Abstract

Underbalanced drilling is one of today's fastest evolving technologies in the oil and gas industry. Gasified drilling fluid is most commonly used in underbalanced drilling of pressure-depleted reservoirs. Nitrogen gas, which is inert and not flammable, has been the predominant choice in underbalanced drilling operations, with relatively few operations using natural gas or compressed air.

Nitrogen consumption incurs a significant (20% to 30%) portion of the overall underbalanced drilling operation cost. One option to reduce nitrogen consumption would be to recycle it. This operation involves the recovery of the return gas from the separation unit for re-compression and re-injection into the well. In most cases, the return gas is still predominantly nitrogen unless the well is a prolific gas producer. For successful implementation of gas recycling, it is essential to maintain consistent quality and rate of the return gas. The feed gas for the compressors must be sufficiently dry to ensure that any water or hydrocarbon vapors do not condense out during the compression cycle. Secondly, the return gas rate must be stable so that the gas can be re-compressed and re-injected into the well at a specified injection rate and pressure.

Northland Energy Corporation with Porta-test International Inc., designed and fabricated a system to recover and re-circulate the return gas for underbalanced drilling. A comprehensive yard test was designed and implemented to test the prototype system. Initial results indicate this system is ideal for field applications, though some refinement will be necessary to realize the full benefit of such a system.

Introduction

One of today's fastest evolving technologies in the oil and gas industry is underbalanced drilling (UBD). Preventing drilling damage is seen to be a major contributor to well performance, especially when dealing with high cost horizontal wells. Long "pay zones" will naturally require longer drilling time, thereby extending exposure to damaging conditions.

When properly designed, underbalanced drilling programs allow the circulation pressures to be within a specified range, normally just below the formation pressure. Reduced differential pressures can prevent fluid loss and reduce fines migration, thus reducing the damage to the producing formation.

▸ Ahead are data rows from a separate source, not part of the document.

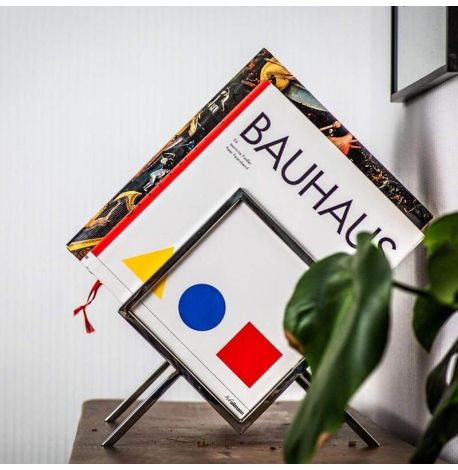 Металева стійка для зберігання платівок або книг «Ромб 60» (нержавіюча сталь)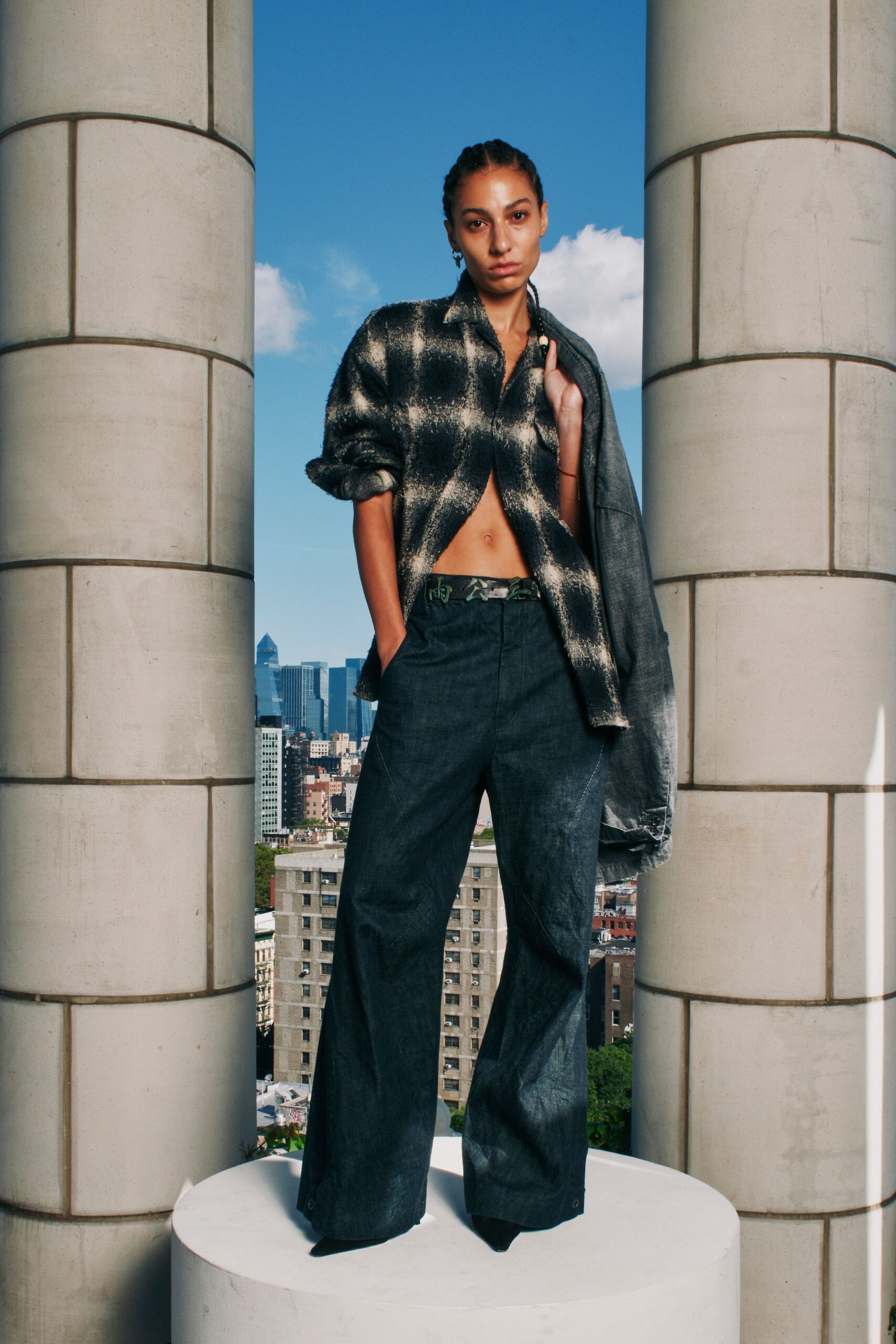 black and white checked overshirt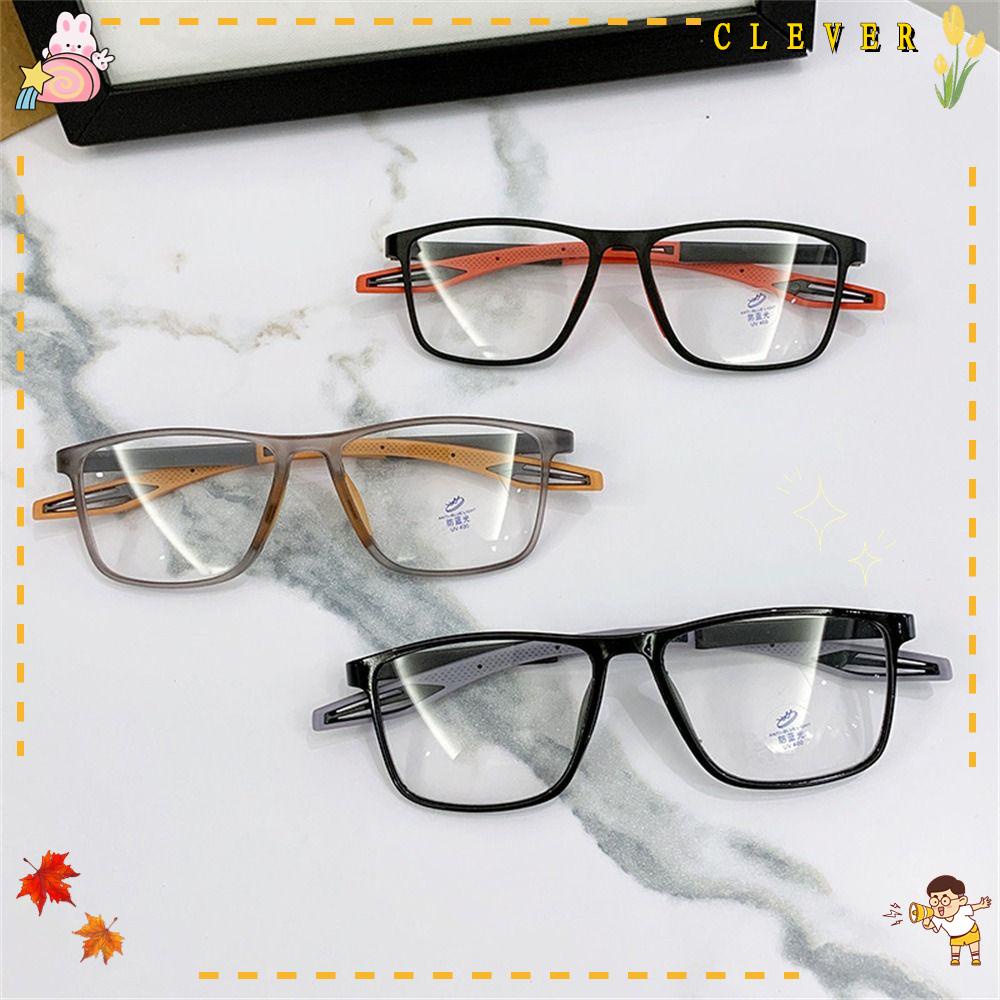 CLEVER Mắt Kính Chống Tia Sáng Xanh Gọng Lớn Bằng Silica Gel Cổ Điển Cho Nam Nữ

Furthermore, underbalanced drilling can allow drilling in highly fractured formations or pressure depleted formations which may otherwise experience fluid loss and numerous other drilling problems (i.e., stuck pipe).

In most of the applications for underbalanced drilling in Canada, low formation pressures have not allowed the use of single phase liquid systems as the hydrostatic pressure would have been above the reservoir pressure. Consequently, to achieve lower pressures requires that the drilling fluid be lightened by entraining a gas in the drilling fluid. The gas is injected into the circulating drilling fluid and then recovered from the well into a closed separator where solids, liquids and gases are separated and metered.

To date, the majority of Canadian underbalanced drilling operations have been undertaken using cryogenic nitrogen with liquid nitrogen supplied from air separation plants. Unfortunately many of the prime underbalanced drilling targets are located far from a source of liquid nitrogen. This results in significant costs for the transport of liquid nitrogen.